In the SE corner of the ski area overflow parking lot, look for a bridge crossing the Tenmile Creek and/or the Colorado Trail information sign. Rather than crossing the creek, the trail heads directly south keeping the creek on your left-hand side. In a short distance, it crosses over highway 91 and continues on great rolling singletrack with several bridge crossings and a few short downhill sections as it crosses the ski resort. There are a few times as you cross the resort that the trail merges with maintenance roads for short distances - continue on keeping your eye out for CT trail signs.
The trail then begins to enter heavier treed sections via nice wide switchbacks. As you leave the ski area, the trail bends south and heads up Guller Creek, which you'll cross a few times. Most crossings have bridges. You'll remain along Guller Creek for about 2.5 miles while you chew up about 1000' of elevation gain.
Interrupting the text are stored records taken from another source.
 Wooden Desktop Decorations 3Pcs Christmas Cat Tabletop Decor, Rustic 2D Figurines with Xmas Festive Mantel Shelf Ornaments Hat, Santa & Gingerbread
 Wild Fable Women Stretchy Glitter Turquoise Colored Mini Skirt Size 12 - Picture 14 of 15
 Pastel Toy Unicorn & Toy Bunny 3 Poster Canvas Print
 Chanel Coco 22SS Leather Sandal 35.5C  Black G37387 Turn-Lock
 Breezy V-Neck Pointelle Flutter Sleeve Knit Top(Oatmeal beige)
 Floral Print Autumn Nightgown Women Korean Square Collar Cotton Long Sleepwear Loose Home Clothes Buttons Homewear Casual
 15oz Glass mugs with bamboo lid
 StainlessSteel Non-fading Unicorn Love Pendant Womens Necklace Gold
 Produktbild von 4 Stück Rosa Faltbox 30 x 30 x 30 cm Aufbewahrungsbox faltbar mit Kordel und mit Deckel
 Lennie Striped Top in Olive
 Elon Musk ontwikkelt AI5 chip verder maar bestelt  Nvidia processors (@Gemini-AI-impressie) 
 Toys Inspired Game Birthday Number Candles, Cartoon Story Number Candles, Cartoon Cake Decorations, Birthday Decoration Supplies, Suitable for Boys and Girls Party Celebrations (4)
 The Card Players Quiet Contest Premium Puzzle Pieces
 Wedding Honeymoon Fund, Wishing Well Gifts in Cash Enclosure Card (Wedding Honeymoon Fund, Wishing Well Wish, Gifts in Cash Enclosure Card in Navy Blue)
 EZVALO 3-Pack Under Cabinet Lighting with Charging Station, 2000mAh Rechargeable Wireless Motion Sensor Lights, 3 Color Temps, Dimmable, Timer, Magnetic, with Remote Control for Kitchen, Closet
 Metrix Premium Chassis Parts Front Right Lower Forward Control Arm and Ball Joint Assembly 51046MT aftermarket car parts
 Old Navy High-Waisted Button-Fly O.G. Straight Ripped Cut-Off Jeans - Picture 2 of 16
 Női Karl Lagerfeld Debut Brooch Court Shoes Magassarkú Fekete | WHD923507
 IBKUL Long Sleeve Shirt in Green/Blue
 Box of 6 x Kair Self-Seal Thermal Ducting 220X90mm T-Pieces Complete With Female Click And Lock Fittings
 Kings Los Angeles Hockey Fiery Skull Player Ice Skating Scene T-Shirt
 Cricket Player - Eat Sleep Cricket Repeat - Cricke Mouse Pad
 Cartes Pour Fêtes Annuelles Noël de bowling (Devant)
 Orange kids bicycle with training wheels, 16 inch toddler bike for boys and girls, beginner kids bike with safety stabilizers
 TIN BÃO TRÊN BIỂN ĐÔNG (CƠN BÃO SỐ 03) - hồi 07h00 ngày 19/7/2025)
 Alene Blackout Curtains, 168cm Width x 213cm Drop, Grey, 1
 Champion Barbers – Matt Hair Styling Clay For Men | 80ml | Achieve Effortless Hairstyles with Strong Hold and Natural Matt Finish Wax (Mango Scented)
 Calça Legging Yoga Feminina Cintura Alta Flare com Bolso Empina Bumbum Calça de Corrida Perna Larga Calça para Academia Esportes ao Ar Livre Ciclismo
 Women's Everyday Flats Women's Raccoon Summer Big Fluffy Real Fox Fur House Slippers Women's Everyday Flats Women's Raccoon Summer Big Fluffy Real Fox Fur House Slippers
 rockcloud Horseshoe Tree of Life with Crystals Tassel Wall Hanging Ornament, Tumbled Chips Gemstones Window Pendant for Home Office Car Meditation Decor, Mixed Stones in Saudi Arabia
Next, you'll run a few long switchbacks to climb your way out of treeline and into the lower basin below Elk Mountain. Once above treeline the trail tends back south, giving you your first view of Searle Pass. The pass is only approximately a mile away (500 vertical feet) at this time but, remember you're at 12000'. At the pass, enjoy the views, a snack, and a well-deserved break. This is also a good point to turn around if weather conditions, or physical fitness are questionable; bearing in mind that the return to Copper Mountain is 7 miles and incorporates a short climb back into the ski area boundary.
The CT between Searle and Kokomo Passes is a very unique, timberline traverse, punctuated with short climbs. The run high point is 1/2 mile east of Kokomo Pass. Again, offering stunning views to the south and Climax Mine; and a second opportunity to assess conditions and fitness. This is the final commitment point.
Descend 1/2 mile to Kokomo Pass, and continue a 5-mile descent to Camp Hale. There are absolutely stunning views to the west of the Holy Cross Ridgeline including Mountain of the Holy Cross in the first mile below Kokomo Pass.
3.5 miles below Kokomo Pass, cross Cataract Creek. Below this crossing the trail becomes pretty steep and loose, and watch your ankles. A mile below the creek crossing bottom out at the southeastern corner of Camp Hale on road 714, East Fork Eagle Road.
Flora & Fauna
Spanning 3,500 feet in elevation, you'll find an abundance of the usual alpine and sub-alpine species. Marmots and wildflowers are perhaps the most common.